++++ Dataset extract ++++

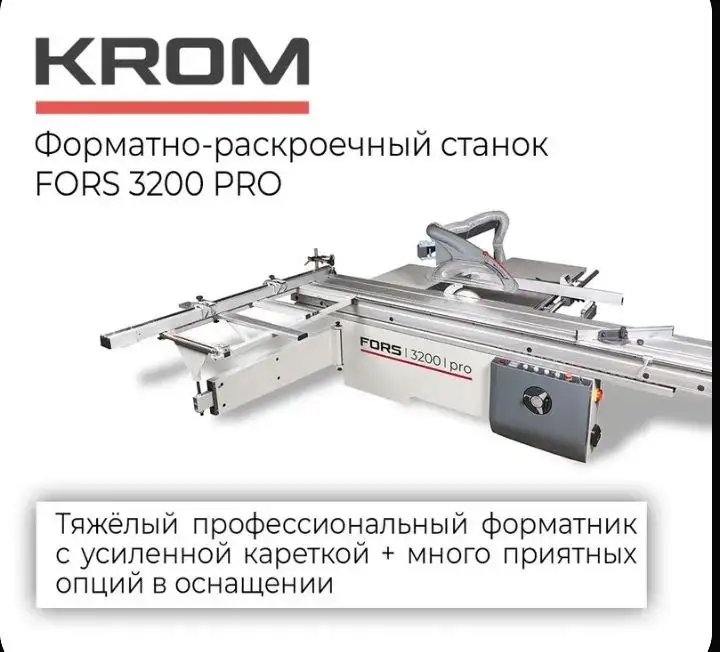 Продам форматник в очень хорошем состоянии - Барахолка в Томск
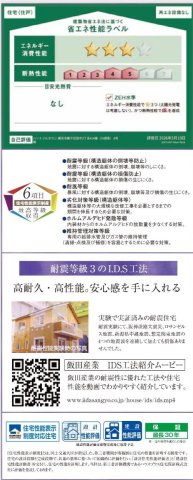 横浜市磯子区田中２丁目４１４番★仲介手数料無料★|仲介手数料無料！お問合せ下さい/080-7058-7312 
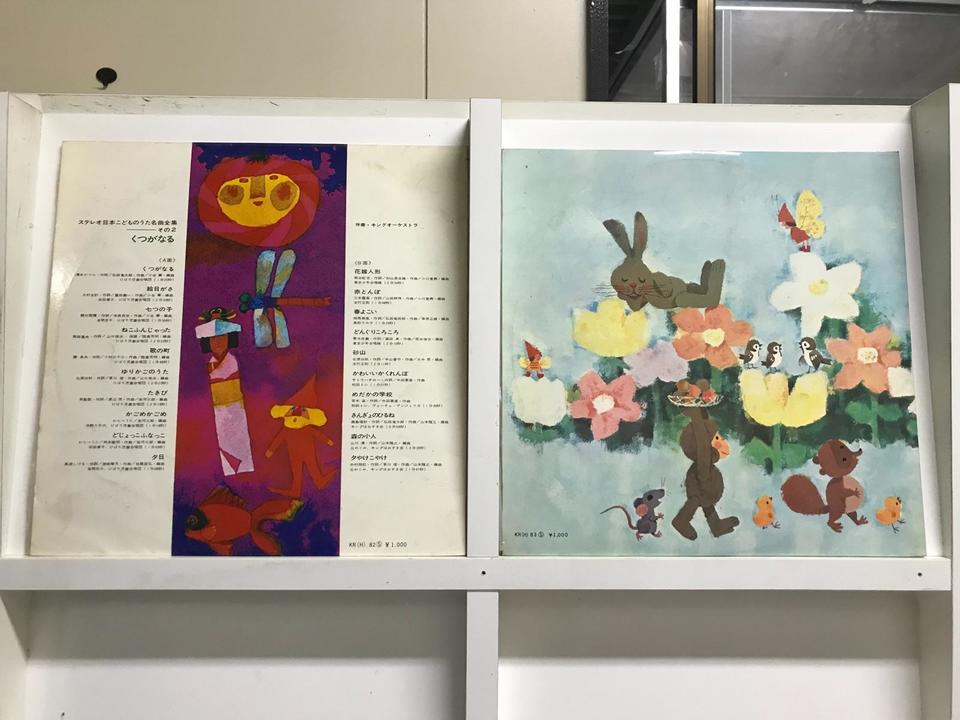 ステレオ日本こどものうた名曲全集シリーズ5枚セット - 中古 ステレオ日本こどものうた名曲全集シリーズ5枚セット - 中古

++++

# Your task
What is needed is an exact reproduction of the data, pictures excluded.

# Exercise response
 Продам форматник в очень хорошем состоянии - Барахолка в Томск
 横浜市磯子区田中２丁目４１４番★仲介手数料無料★|仲介手数料無料！お問合せ下さい/080-7058-7312 
 ステレオ日本こどものうた名曲全集シリーズ5枚セット - 中古 ステレオ日本こどものうた名曲全集シリーズ5枚セット - 中古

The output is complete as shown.